Women claim Duluth violating gender equity law

by Andrew Tellijohn

Three women at the University’s Duluth campus filed suit against the school last week, alleging sexual discrimination because the men’s and women’s athletic teams aren’t receiving equal treatment.
Jennifer Ann Thompson, Ginger Jeffrey and Renata Lindal added their names to a growing list of people demanding that the Duluth administration come in line with Title IX, a law requiring schools that receive federal funding to offer equal opportunities to male and female athletes.
“UMD’s denial of an equal opportunity to participate to women creates a vicious circle and leads to further discrimination against female students,” according to the complaint filed in U.S. District Court of Minnesota.
The women contend that the male athletes receive more scholarship money than the female athletes, due in part to the Division I status of men’s hockey. The women’s hockey team is still placed in Division II, preventing them from receiving revenue equal to the men’s team.
“Title IX has been in effect for 25 years,” the complaint claims. “It is inexcusable that UMD has yet to comply with Title IX by failing to provide opportunities to accommodate its women students’ athletic interests and desires to the same degree that it accommodates those of its male students.”
The suit follows the one filed in February by Julie Grandson, a student at Duluth who claimed she had to quit playing soccer because scholarship money was not available for females.
The new complaint also alleges that during the 1995-96 school year, male students received $311,069 in scholarships while female students received only $69,323. During that period, the women’s department received none of the $250,000 in student services fees collected from Duluth campus students for the athletic department.
The suit seeks an injunction against the school that would force it to enact a budget giving women an equal opportunity to participate in university-sponsored sports.

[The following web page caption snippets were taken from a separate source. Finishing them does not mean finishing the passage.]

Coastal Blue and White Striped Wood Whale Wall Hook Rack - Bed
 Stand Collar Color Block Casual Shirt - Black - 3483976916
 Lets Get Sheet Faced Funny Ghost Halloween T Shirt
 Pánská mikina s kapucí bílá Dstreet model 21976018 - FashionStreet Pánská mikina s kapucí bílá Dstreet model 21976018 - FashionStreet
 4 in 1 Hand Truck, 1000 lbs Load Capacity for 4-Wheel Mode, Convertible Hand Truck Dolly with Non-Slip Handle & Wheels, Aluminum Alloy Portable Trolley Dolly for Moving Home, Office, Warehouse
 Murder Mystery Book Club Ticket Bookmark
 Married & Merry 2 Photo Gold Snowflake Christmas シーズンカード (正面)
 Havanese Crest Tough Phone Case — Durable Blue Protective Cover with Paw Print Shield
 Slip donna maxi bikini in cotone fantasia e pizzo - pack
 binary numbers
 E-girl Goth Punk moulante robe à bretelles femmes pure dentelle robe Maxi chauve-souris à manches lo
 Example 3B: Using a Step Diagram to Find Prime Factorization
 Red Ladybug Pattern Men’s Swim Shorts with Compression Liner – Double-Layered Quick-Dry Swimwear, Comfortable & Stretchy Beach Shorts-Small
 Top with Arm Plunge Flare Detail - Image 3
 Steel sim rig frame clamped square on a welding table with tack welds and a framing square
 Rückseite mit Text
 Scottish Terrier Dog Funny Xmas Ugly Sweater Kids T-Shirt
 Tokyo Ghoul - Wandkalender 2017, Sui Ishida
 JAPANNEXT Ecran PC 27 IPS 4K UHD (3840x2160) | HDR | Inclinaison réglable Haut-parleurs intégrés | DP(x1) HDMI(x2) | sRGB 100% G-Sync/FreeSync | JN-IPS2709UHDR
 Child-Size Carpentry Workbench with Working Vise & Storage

The women in the latest dispute are being represented by Steve Samborski, a Minnetonka lawyer, and Diane Henson, an attorney from Austin, Texas who specializes in gender equity cases. She has represented women in several successful Title IX lawsuits.
A recently released gender equity survey performed by the National Collegiate Athletic Association showed women’s athletics have made financial gains, but the gaps between financial support of men’s and women’s athletics are still growing wider.
“The answer to this is to file more lawsuits,” Henson was quoted as saying last week. “Apparently we need to get more federal judges as athletic directors.”
The complaint also asks that the case be deemed a class action suit, which would allow other students with similar grievances to add their names to the complaint.
Susan Latto, public relations representative for the Duluth campus, said the administration has no comment because it has received no official notification of the lawsuit.